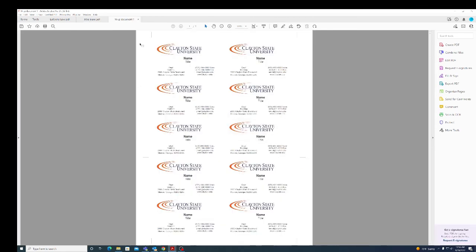Finish. And now we have our cards with crop marks, so when we run it through the card slitter it'll cut each card into the individual cards. And that's how you set up your business cards in Quite Imposing. Thank you for watching.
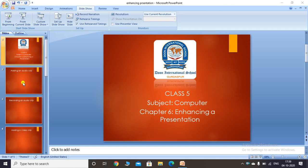Good morning students, we will continue with chapter 6 on enhancing the presentation. In our previous video we learned how to apply animation and transition effects. In today's video we will learn how to insert audio and video files.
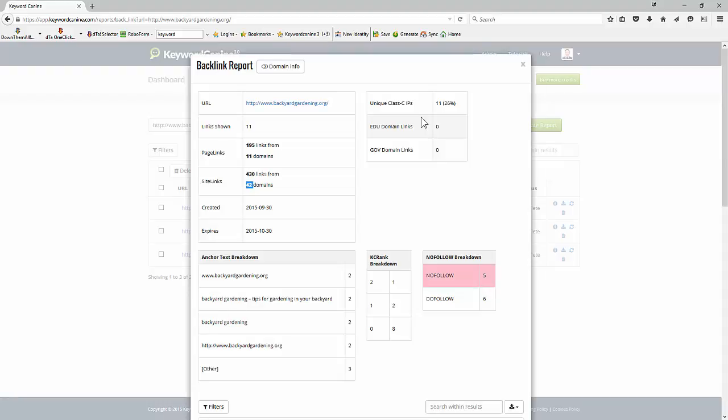So let's take this bit by bit. The unique class C IPs, 26% of our links are coming from unique class Cs. The higher that number is the better because low class C IPs shows Google that there may be something a bit fishy, it may be a little bit suspicious because those are the easiest kind of links to get. If you're getting good organic linking you're going to have a whole variety of class C IPs. So this is telling us that perhaps we'd want to get a bit more variety in our linking and it's an indication of whether we need to do some more work on that.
———
**Work item:** Every word of the material, and none of its pictures, should be set down again.

**Exercise output:**
Finish. And now we have our cards with crop marks, so when we run it through the card slitter it'll cut each card into the individual cards. And that's how you set up your business cards in Quite Imposing. Thank you for watching.
Good morning students, we will continue with chapter 6 on enhancing the presentation. In our previous video we learned how to apply animation and transition effects. In today's video we will learn how to insert audio and video files.
So let's take this bit by bit. The unique class C IPs, 26% of our links are coming from unique class Cs. The higher that number is the better because low class C IPs shows Google that there may be something a bit fishy, it may be a little bit suspicious because those are the easiest kind of links to get. If you're getting good organic linking you're going to have a whole variety of class C IPs. So this is telling us that perhaps we'd want to get a bit more variety in our linking and it's an indication of whether we need to do some more work on that.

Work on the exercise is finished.